Your instructions => Below are records to print word for word; include none of their pictures.

Given records =>
################

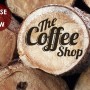 Coffee Shop with Wood Wall Wallpaper Mural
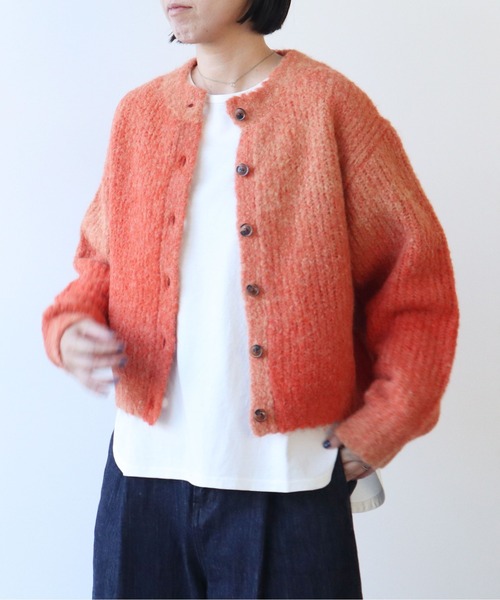 yuni（ユニ　）の「Tumbes Alpaca ショートカーディガン（カーディガン/ボレロ・レディース・ブルー/ベージュ/オレンジ・FREE）」の3枚目の写真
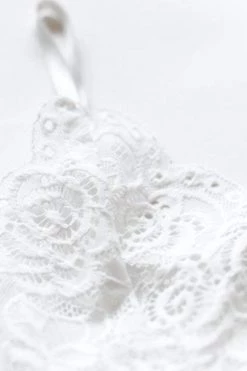 Queen Of The Foxes Strappy White Lace Bralette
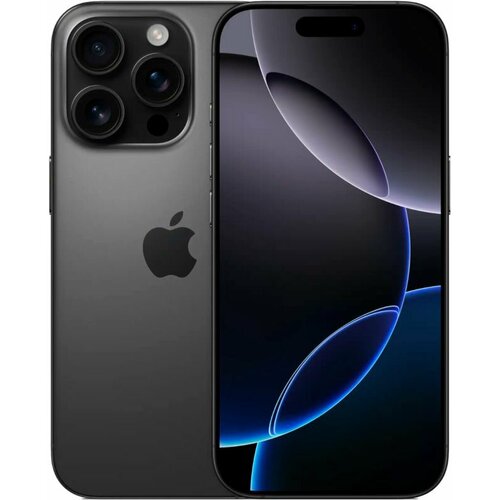 Смартфон Apple iPhone 16 Pro 256GB Black TitaniumЧёрный Dual nano SIM eSIM 148935₽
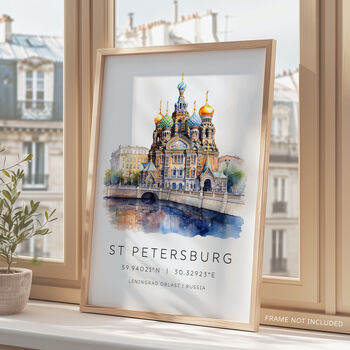St Petersburg Russia Travel Print, 2 of 7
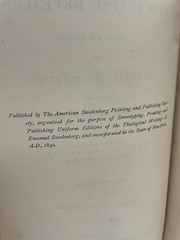 APOCALYPSE REVEALED by Emanuel Swedenborg 1883 Christian Occult Antique Book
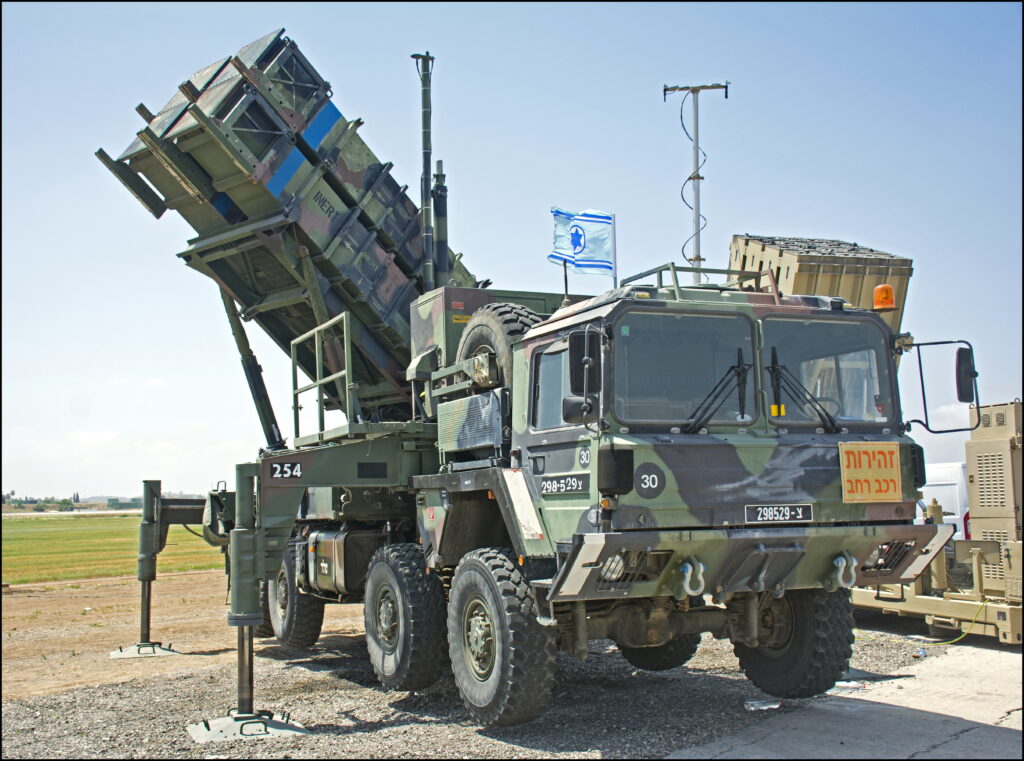 MIM-104D Patriot surface-to-air missile, Israel Air Defense Command.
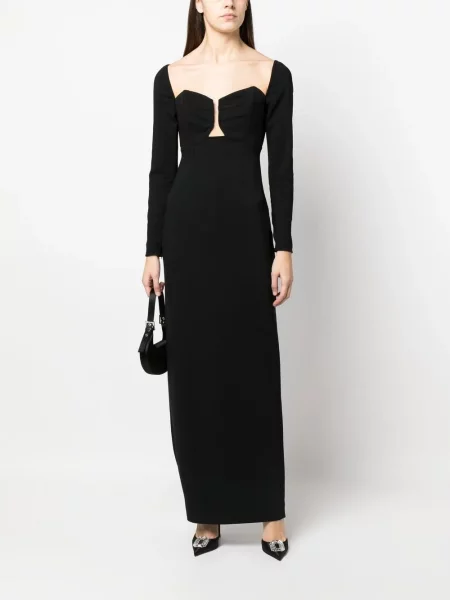 Ilgas kostiumas maxi suknele Roland Mouret juoda
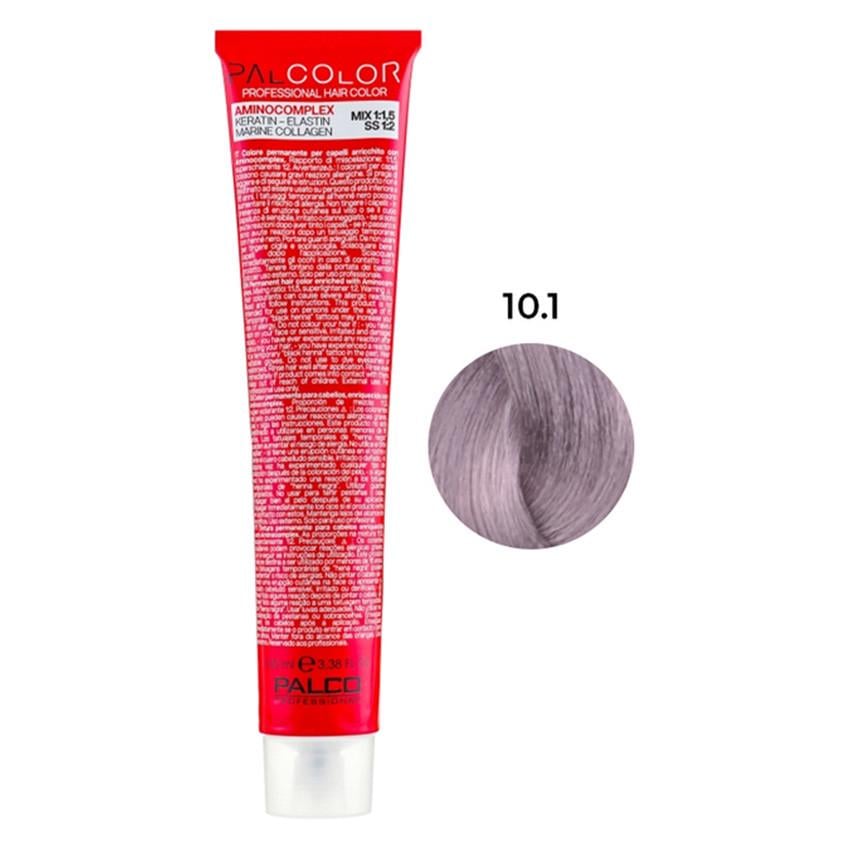 Краска для волос профессиональная PALCO с комплексом аминокислот 100 мл 10.1 блонд платиновый пепельный (2515813740)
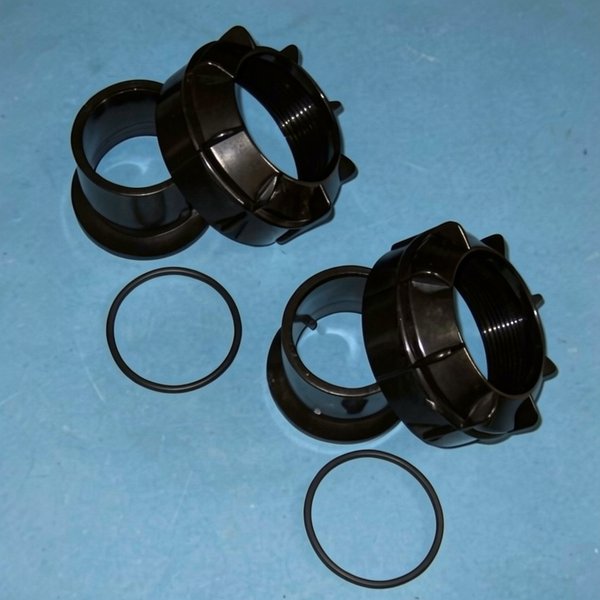 Kit raccord union PPE Onga/Swimmey/Atlas/Nocchi (entree + sortie) (écrou-manchon-joint x2)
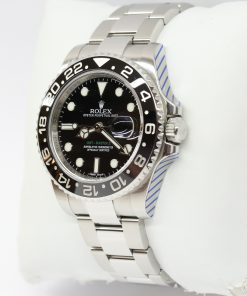 Alternative view of Rolex GMT Master II in stainless steel on a Rolex Oyster bracelet, black index dial, Black ceramic bezel, Reference: 116710LN, Circa: 2010, Complete with Box, Book & Rolex Service Warranty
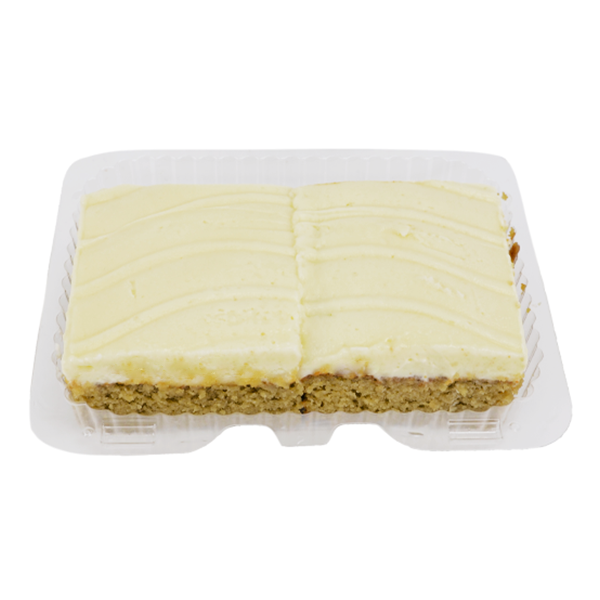 slide 1 of 1, L&B Banana Bars With Cream Cheese Icing, 6 oz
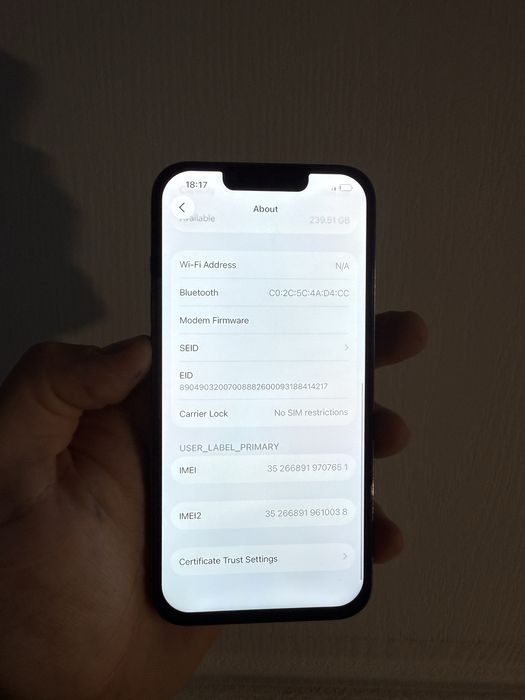apple iPhone 13 Pro 256Gb Graphit NEVERLOCK ( Читати опис)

################

Exercise solution =>
 Coffee Shop with Wood Wall Wallpaper Mural
 yuni（ユニ　）の「Tumbes Alpaca ショートカーディガン（カーディガン/ボレロ・レディース・ブルー/ベージュ/オレンジ・FREE）」の3枚目の写真
 Queen Of The Foxes Strappy White Lace Bralette
 Смартфон Apple iPhone 16 Pro 256GB Black TitaniumЧёрный Dual nano SIM eSIM 148935₽
St Petersburg Russia Travel Print, 2 of 7
 APOCALYPSE REVEALED by Emanuel Swedenborg 1883 Christian Occult Antique Book
 MIM-104D Patriot surface-to-air missile, Israel Air Defense Command.
 Ilgas kostiumas maxi suknele Roland Mouret juoda
 Краска для волос профессиональная PALCO с комплексом аминокислот 100 мл 10.1 блонд платиновый пепельный (2515813740)
 Kit raccord union PPE Onga/Swimmey/Atlas/Nocchi (entree + sortie) (écrou-manchon-joint x2)
 Alternative view of Rolex GMT Master II in stainless steel on a Rolex Oyster bracelet, black index dial, Black ceramic bezel, Reference: 116710LN, Circa: 2010, Complete with Box, Book & Rolex Service Warranty
 slide 1 of 1, L&B Banana Bars With Cream Cheese Icing, 6 oz
apple iPhone 13 Pro 256Gb Graphit NEVERLOCK ( Читати опис)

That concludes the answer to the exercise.